The architecture and the encoding are unchanged from our 2D experiment. The geometry lives in the rendering pipeline, not in the model.
This split is conceptually important. Pre-NeRF "neural scene representations" tried to bake the geometry into the architecture (voxel-grid CNNs, scene-graph networks, etc.). NeRF kept the geometry simple (just ray casting) and put the representational power in the input encoding. The latter approach scales much better.
Generalisation Beyond NeRF
The Fourier-feature trick (and its descendants) appears across the neural-field literature:
SIREN (Sitzmann et al., 2020): sinusoidal activations everywhere, not just at the input. Achieves similar or better fidelity than Fourier features with end-to-end periodicity, but trickier to optimize.
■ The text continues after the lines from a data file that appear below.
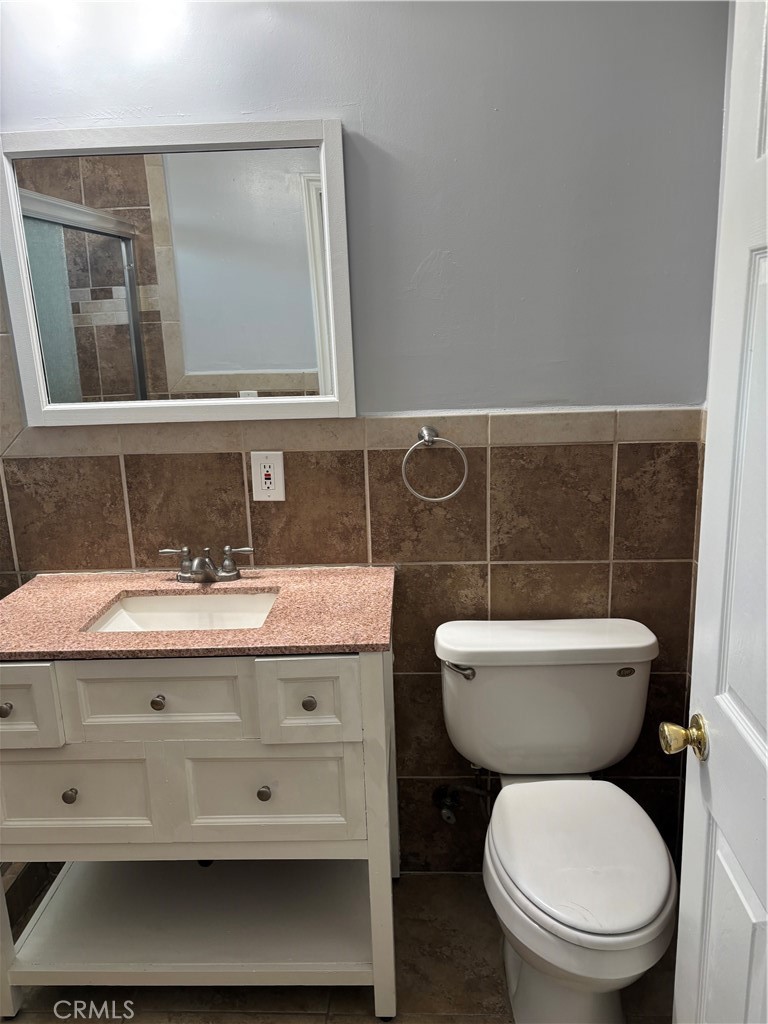 9509 Danville Property Photo 23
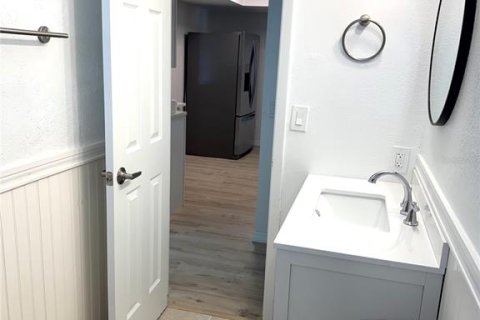 Casa en alquiler en Venice, Florida, 2 dormitorios, 101.26 m2 № 1835994 - foto 12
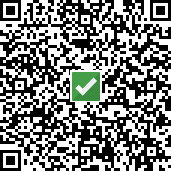 Healthcare Providers Similar to 1104147651 NPI Number | NPI Registry | www.DataLabs.Health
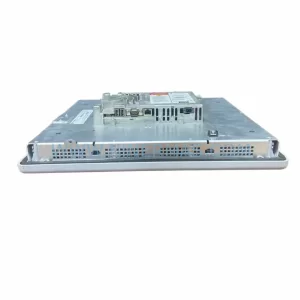 Allen-Bradley 2711P-RDT15C HMI Touch Module detail view 2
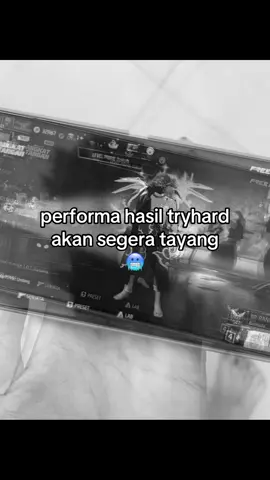#katakataepep #fyp #mentahanvideo #potolive 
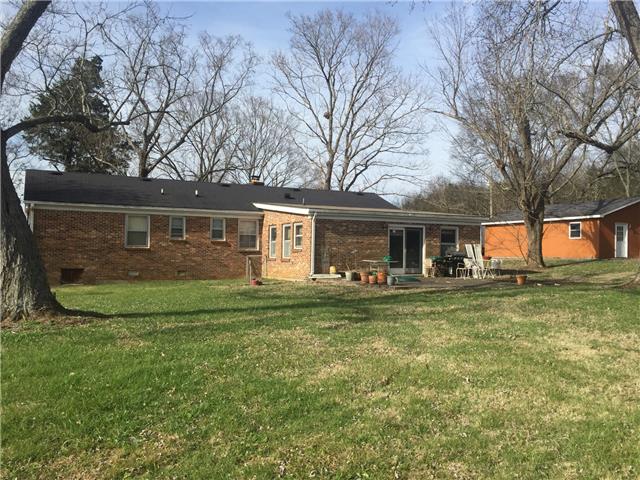 10176 McKee Road Lascassas, TN 37085 - Photo 3 of 12 Gallery Image 3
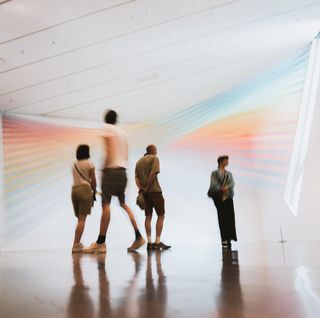 things to do on spring break things to do on spring break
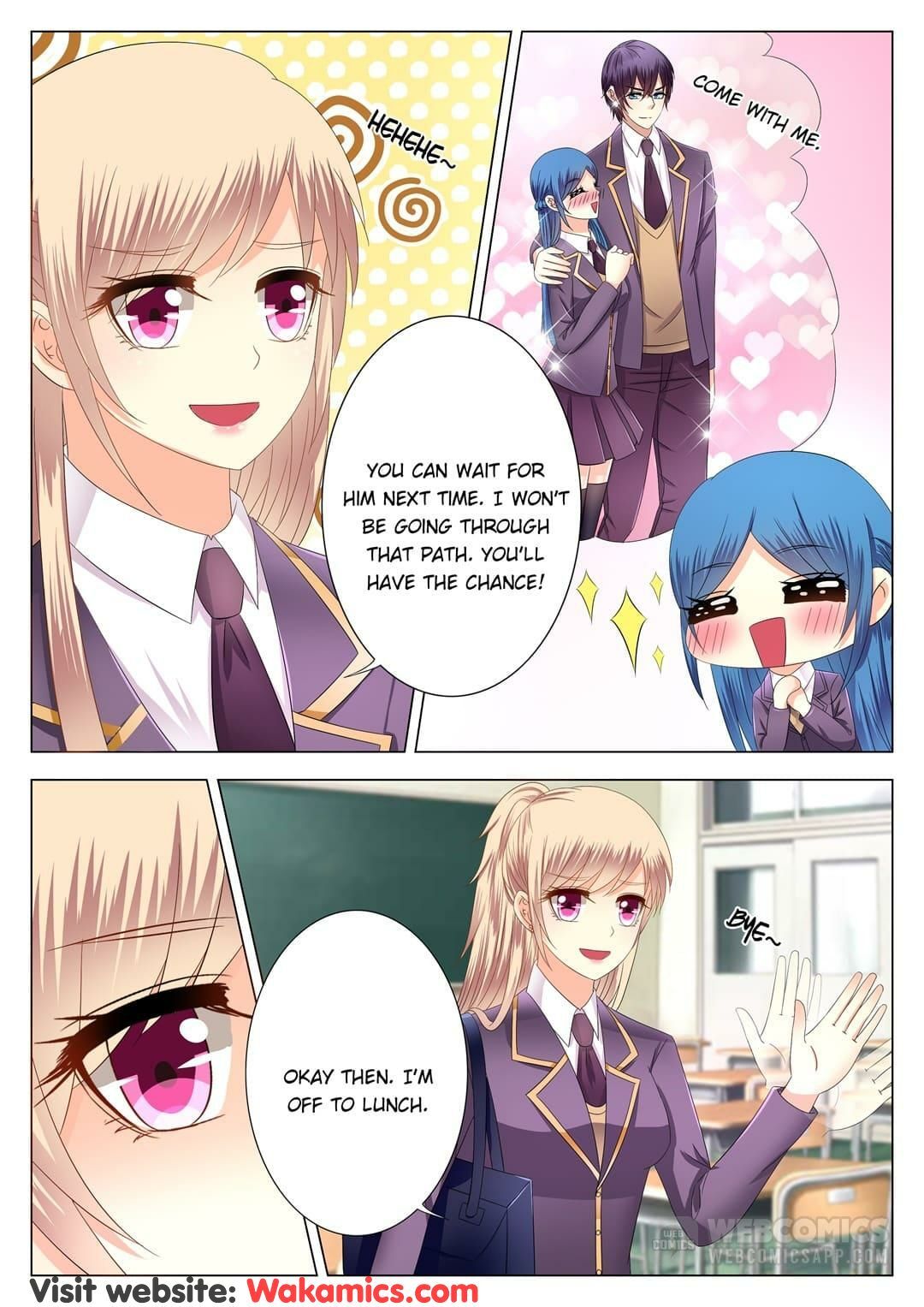 Page 8 of Chapter 4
Instant-NGP (Müller et al., 2022): replaces fixed Fourier features with a learnable multi-resolution hash encoding. Same core idea — replace raw coordinates with a richer representation — but with hash tables. Faster training, even higher fidelity.
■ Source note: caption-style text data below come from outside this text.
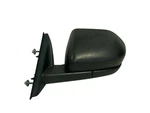 20 24 Ford Explorer Left Side Blind Spot Rear View Mirror B5B-17683-D6650 Oe. Fixed Price $238.12.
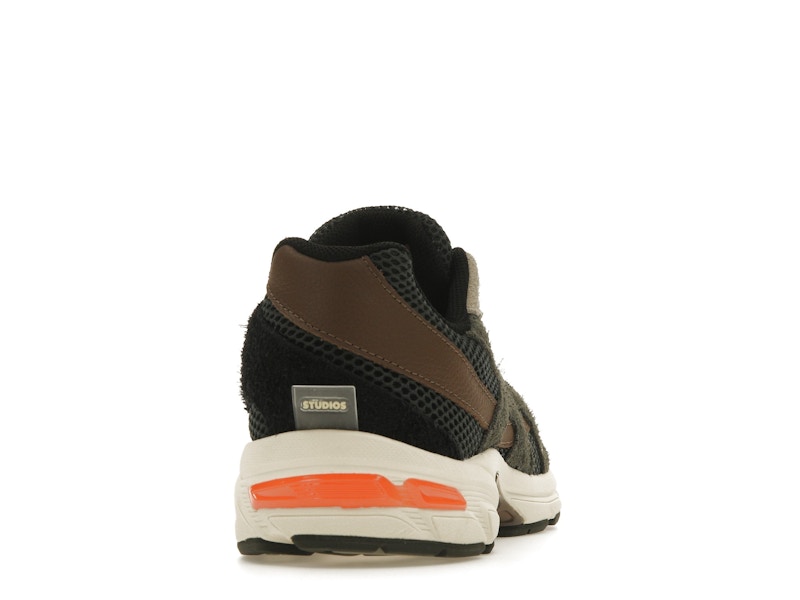 ASICS Gel-1130 MK-II HAL Studio Forest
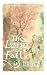 The Long Fall by Penelope Wilcock The Long Fall by Penelope Wilcock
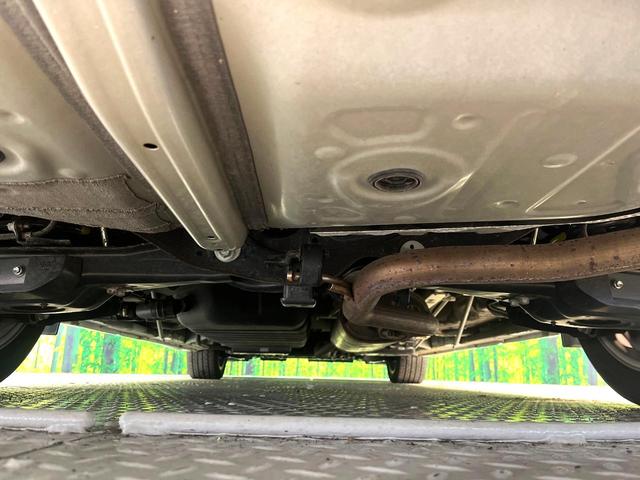 アルファード 2.5S Cパッケージ 禁煙車 ツインムーンルーフ 後席モニター バックカメラ セーフティセンス 100V電源 レーダークルーズ シートベントレーション ドラレコ コーナーセンサー スマートキー LEDヘッド ETC(20枚目)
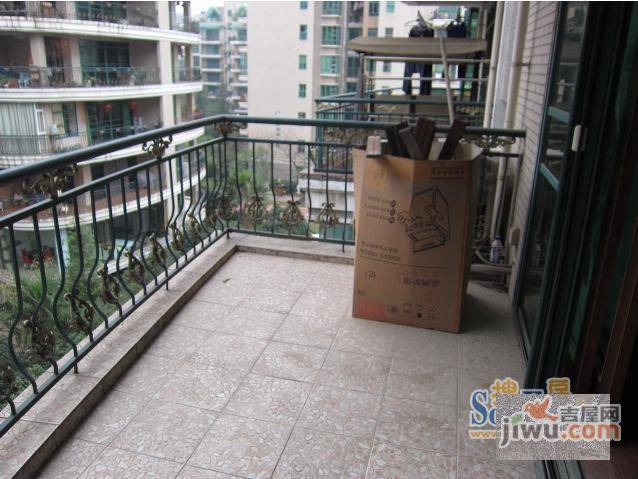 凯尼大厦实景图图片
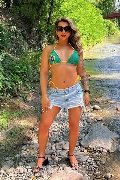 Foto Bellissima Miss Dea Annunci Transescort Bologna 345 4308919 - 13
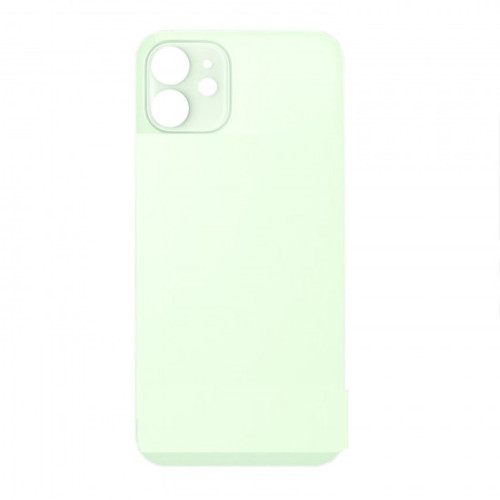 iphone 12 vr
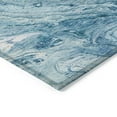 thumbnail image 4 of Addison Rugs Chantille Indoor/Outdoor Transitional Abstract Sky Washable Rectangle Rug, 9' x 12', 4 of 6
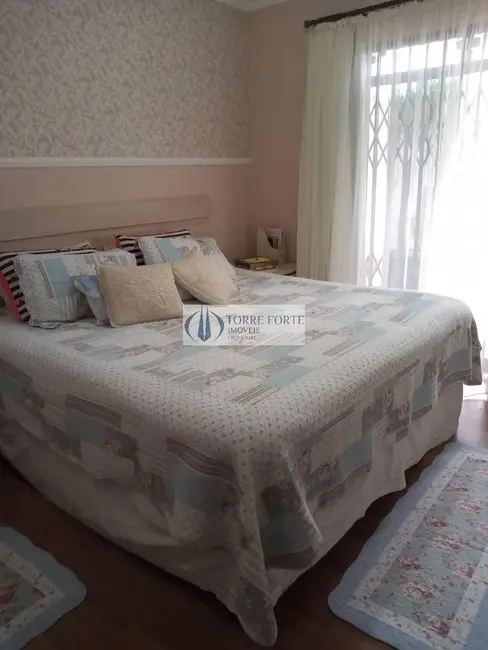 Foto 6 de Sobrado com 2 quartos à venda, 160m2 em Jardim Cristiane, Santo Andre - SP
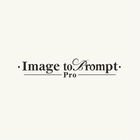 Image to Prompt Pro icon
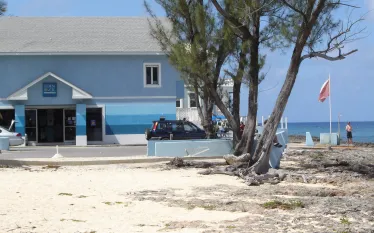 Grand Cayman April  .jpg.webp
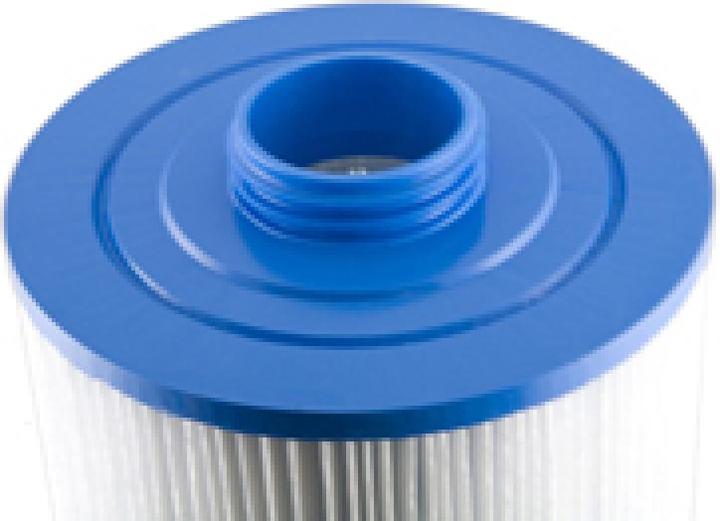 Image du produit Poolking Filtre à cartouche SC702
Tri-Plane / Triplane encoding: represents a 3D scene as three 2D feature planes that the MLP samples from. Trades the simple Fourier-feature encoding for explicit spatial feature storage.
3D Gaussian Splatting (Kerbl et al., 2023): abandons the implicit neural field entirely. Represents the scene as a cloud of anisotropic 3D Gaussians, rendered by alpha-compositing. Trains in minutes, renders in milliseconds. But still descended from NeRF in spirit — the loss function is the same (rendered pixel vs ground truth).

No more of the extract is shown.